Running batch jobs on matrix

Matrix

Matrix is a cluster of 8 dual CPU's dedicated to CDF. Six subnodes can be logged into by typing 'ssh node1', 'ssh node3' ... 'ssh node7' (node2 does not seem to work). The status of the subnodes can be checked by typing 'pbsnodes -a'.

The cluster has two 1.8TB disk arrays available under /data1 and /data2. The free capacity of the disks can be checked by typing 'df' (disk free).

Batch jobs with pbs

Jobs which require a long time to run (typically more than 1 CPU hour) are best run as batch jobs. Matrix uses pbs (portable batch system) for submitting batch jobs.

Prepare a shell script that executes your job, for example prime.sh (all examples can be found on matrix:~oldeman/pbs). Type 'qsub prime.sh' to submit the job. A line saying 'xxxxx.matrix.ph.liv.ac.uk' appears, where xxxxx is the job number. Type 'qstat' to check the status of the job. When the job is finished, two files are produced: prime.sh.oxxxx contains the output of the job, and prime.sh.exxxx contains the error messages of the job.

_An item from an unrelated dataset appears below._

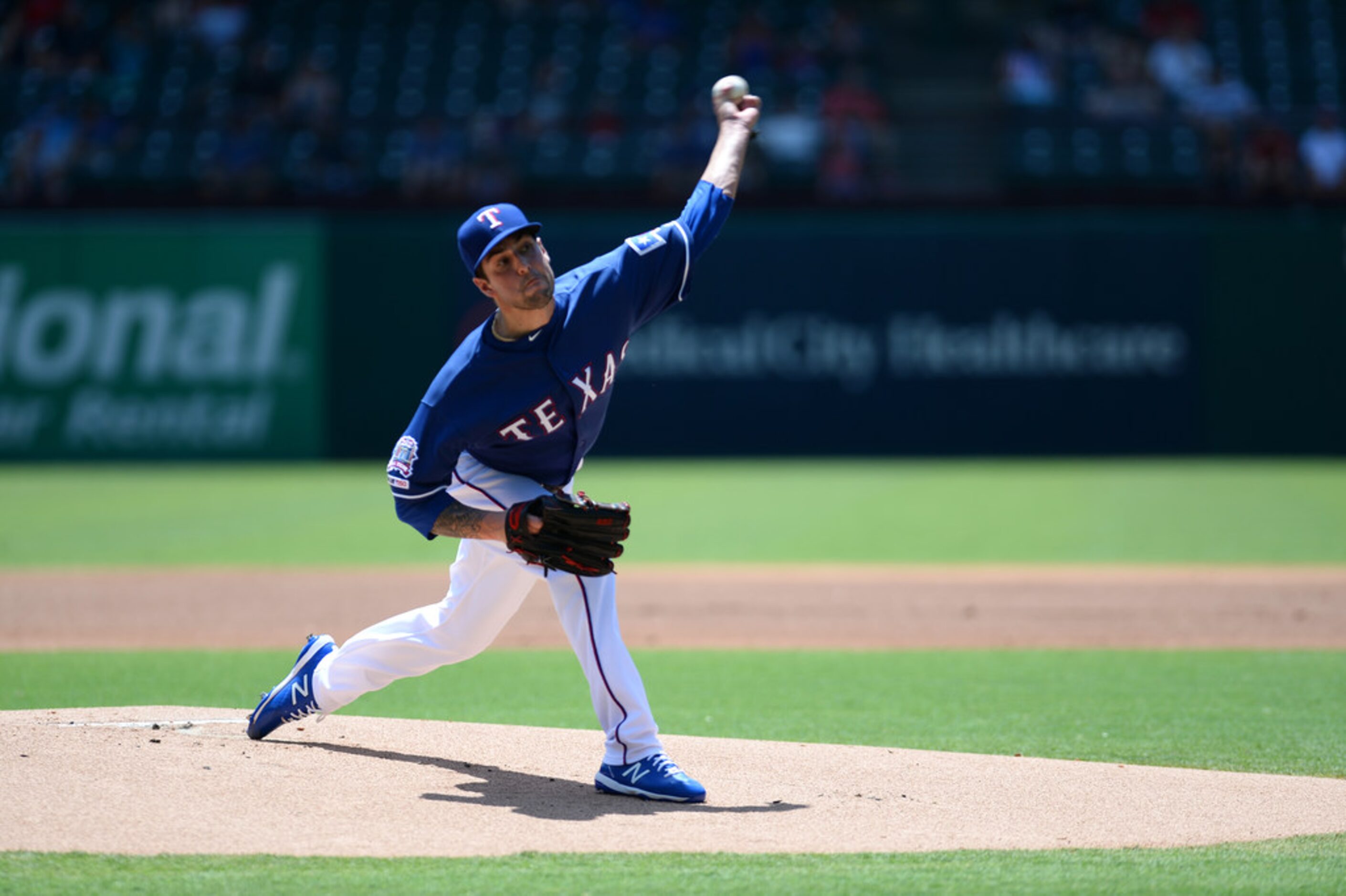 ARLINGTON, TEXAS - AUGUST 20: Joe Palumbo #62 of the Texas Rangers pitches against the Los...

(this example script runs for about 30 seconds and calculates the 200th prime number).

Note:

Command line arguments cannot be passed on to the script.
By default, the job starts in your home directory.
Make the script executable by typing 'chmod +x prime.sh'
Make sure to specify the shell on the first line of the script, for example putting '#!/bin/bash' as the first line (in this example the bash shell was used).

Submitting multiple jobs

The main advantage of running batch jobs on the cluster is that you can run multiple jobs (up to 12) in parallel. Instead of submitting each job by hand, you can make a script that launches multiple jobs. Of the many ways to do that, I find the most straightforward method to write a launch_prime.sh script that uses sed to make modified copies of the original script and submits the jobs.

Running CDF software in multiple batch jobs

CDF software is always is bit more complicated to run than normal jobs. Things to take into account:

A script should start with setting up the cdfsoftware environment (using source ~cdfsoft/cdf2.shrc; setup cdfsoft2 5.3.3).
The script should start to a suitable subdirectory.
When running multiple MC production jobs the random numbers must be independent between jobs.
If (temporary) output files are generated with the same name in each job, each job must run in a separate subdirectory to avoid interference.

An example script that produces 1000 inclusive B decays (generator-level only) is Bincl.sh, and a launch script launch_Bincl.sh.

Last updated on 25/05/05, Rolf Oldeman.